The Prayer for Peace included students and staff who recited Christian, Jewish and Islamic scripture and readings, including some words in Hebrew and Arabic.
“It's wonderful to start with prayer at a time when there is suffering, uncertainty and loss in multiple communities,” said Fuad Naeem, assistant professor of comparative theology and director of the Encountering Islam Initiative at the University of St. Thomas, who attended the event.
With October being Respect Life Month and the month of the rosary, Campus Ministry organized a rosary procession around campus to pray for the dignity of human life at all stages. Members of the St. Thomas community gathered at John P. Monahan Plaza and recited the rosary while walking toward the Peace Garden.
In honor of Hispanic Heritage Month, Campus Ministry held the Misa y Mesa Spanish Mass on Oct. 12 in the Florance Chapel on the lower level of the Chapel of St. Thomas Aquinas.
“In Latin America, community is a big part of our faith. We have a saying that says, ‘De la Misa a la Mesa,’ which means from the Mass to the table,” Pereira explained. “That is why we have called this program Misa y Mesa, a program that gathers us to celebrate the Eucharist and then provides a space to build community and fellowship around the table with traditional Hispanic food afterward.”

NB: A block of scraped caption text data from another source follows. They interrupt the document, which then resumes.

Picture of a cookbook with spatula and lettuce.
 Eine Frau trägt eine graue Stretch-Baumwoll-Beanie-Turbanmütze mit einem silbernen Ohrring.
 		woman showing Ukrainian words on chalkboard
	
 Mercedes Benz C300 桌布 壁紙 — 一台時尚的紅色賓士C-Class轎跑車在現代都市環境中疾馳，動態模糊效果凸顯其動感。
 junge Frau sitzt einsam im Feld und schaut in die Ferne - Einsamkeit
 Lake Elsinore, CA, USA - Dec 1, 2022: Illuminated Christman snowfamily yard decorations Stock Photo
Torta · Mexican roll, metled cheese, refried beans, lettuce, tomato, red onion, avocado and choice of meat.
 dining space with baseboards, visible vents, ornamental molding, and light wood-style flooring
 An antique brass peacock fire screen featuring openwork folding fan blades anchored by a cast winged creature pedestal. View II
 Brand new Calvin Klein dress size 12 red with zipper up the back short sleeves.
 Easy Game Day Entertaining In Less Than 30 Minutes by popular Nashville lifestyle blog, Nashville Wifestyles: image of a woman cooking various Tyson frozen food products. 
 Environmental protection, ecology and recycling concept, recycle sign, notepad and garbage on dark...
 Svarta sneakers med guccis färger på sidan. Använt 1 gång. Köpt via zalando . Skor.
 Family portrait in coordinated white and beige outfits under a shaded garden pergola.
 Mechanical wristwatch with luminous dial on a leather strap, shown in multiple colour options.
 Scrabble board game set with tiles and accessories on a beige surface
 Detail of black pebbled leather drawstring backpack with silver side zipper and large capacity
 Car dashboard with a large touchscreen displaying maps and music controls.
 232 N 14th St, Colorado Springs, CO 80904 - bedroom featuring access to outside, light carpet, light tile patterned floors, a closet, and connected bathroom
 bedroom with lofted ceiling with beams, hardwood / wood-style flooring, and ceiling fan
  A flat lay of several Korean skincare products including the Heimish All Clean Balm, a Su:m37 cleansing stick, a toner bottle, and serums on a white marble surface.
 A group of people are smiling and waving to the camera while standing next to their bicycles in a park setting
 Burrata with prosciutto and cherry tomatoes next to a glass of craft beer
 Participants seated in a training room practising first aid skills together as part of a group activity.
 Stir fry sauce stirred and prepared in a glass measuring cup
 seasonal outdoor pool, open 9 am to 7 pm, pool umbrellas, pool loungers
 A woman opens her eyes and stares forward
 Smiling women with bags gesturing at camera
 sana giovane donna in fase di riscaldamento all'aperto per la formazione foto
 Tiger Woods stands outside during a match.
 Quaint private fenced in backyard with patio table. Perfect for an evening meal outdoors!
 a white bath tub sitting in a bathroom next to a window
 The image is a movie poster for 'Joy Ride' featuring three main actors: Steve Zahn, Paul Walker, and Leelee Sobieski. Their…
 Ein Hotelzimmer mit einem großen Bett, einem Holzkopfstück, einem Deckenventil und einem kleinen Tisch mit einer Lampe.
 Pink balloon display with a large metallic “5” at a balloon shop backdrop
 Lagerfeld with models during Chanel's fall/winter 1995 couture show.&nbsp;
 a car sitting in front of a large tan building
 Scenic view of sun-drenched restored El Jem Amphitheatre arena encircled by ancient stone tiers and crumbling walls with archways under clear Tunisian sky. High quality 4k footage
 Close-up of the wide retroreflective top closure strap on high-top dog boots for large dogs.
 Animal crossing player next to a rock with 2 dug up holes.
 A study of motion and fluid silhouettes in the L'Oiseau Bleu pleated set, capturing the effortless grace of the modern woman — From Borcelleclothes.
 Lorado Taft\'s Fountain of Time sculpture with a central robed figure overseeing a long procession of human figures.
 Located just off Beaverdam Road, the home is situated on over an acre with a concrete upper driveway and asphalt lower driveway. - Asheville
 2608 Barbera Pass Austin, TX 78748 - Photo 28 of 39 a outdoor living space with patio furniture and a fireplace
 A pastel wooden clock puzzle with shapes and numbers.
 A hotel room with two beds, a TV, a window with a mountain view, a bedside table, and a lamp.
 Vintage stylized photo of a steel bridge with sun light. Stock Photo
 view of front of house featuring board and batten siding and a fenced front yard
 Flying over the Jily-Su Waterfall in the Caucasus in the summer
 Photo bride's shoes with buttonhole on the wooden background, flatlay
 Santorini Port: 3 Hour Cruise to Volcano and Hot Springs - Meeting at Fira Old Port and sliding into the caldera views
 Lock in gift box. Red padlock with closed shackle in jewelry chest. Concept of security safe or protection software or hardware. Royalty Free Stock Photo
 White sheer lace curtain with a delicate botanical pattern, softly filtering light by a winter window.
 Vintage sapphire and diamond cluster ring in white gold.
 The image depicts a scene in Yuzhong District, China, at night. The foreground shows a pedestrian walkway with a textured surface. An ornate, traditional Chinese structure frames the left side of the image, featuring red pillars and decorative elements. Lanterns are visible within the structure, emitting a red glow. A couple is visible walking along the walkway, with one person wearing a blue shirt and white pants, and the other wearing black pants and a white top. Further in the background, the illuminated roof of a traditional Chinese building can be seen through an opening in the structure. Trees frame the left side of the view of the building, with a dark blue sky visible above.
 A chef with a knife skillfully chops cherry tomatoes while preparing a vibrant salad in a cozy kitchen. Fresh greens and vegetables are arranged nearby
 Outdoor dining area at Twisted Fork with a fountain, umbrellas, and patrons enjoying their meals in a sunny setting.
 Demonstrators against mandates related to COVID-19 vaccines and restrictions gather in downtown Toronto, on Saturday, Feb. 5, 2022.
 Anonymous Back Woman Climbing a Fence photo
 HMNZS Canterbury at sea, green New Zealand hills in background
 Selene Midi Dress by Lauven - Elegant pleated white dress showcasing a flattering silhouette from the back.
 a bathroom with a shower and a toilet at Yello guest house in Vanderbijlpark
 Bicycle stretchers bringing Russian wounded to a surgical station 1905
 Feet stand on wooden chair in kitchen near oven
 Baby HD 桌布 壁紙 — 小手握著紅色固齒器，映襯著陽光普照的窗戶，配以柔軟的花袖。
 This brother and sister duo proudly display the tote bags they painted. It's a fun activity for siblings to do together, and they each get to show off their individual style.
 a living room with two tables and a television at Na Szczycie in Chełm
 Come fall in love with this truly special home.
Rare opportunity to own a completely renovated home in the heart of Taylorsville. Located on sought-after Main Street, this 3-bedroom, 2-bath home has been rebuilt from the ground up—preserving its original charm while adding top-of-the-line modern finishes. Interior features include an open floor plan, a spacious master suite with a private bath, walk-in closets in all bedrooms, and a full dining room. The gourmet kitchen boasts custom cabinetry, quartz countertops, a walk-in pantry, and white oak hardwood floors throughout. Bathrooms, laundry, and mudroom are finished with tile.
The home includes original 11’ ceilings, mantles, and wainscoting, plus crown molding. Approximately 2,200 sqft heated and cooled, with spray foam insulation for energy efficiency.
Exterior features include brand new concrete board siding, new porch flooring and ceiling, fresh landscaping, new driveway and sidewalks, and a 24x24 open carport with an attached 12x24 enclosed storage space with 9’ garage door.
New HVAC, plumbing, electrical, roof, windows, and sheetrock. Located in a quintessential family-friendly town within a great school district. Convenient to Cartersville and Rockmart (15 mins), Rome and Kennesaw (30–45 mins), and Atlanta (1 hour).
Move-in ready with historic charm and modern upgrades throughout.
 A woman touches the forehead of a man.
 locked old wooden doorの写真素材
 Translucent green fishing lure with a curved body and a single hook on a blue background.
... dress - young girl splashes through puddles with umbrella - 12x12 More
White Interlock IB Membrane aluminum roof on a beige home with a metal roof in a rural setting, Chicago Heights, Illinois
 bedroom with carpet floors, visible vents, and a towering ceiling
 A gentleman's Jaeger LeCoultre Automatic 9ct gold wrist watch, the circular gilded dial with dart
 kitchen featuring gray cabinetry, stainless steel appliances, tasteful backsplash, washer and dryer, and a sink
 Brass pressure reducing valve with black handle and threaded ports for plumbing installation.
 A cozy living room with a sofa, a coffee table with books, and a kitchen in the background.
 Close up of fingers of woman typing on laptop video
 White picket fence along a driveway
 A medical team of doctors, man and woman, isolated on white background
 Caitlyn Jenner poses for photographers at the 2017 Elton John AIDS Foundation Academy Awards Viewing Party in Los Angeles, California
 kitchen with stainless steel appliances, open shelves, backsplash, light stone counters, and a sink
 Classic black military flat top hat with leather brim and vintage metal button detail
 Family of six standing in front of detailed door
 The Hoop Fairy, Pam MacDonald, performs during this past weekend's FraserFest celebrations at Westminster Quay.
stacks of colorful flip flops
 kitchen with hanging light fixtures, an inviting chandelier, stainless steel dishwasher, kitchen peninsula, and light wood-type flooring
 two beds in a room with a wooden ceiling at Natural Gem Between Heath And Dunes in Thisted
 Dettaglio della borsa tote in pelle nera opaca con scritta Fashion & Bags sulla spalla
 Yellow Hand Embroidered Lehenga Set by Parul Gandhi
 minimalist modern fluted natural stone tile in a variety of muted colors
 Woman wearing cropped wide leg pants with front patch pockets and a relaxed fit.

The Misa y Mesa Mass celebrated the Eucharist and the legacy of the Catholic faith. The Mass was entirely in Spanish.
“Participating in Mass in Spanish is a profoundly enriching experience for me; it rekindles cherished childhood memories, and the soul-stirring alabanza (praise) songs I've known since my youth reinforce my faith and my identity as a Latina Catholic,” said Manuela Hill-Muñoz, director of social justice and changemaking. “It was a truly beautiful moment to come together in worship with individuals who share my cultural heritage, and to celebrate our shared bonds.“
Campus Ministry also holds a variety of special prayer services, in addition to daily Mass.
On Oct. 18, nearly 350 people from across the country and the world will participate in the inaugural Pray It Forward, a 15-minute online prayer gathering offered every month by the Office for Mission and Alumni Engagement. Pray it Forward is offered via Zoom registration.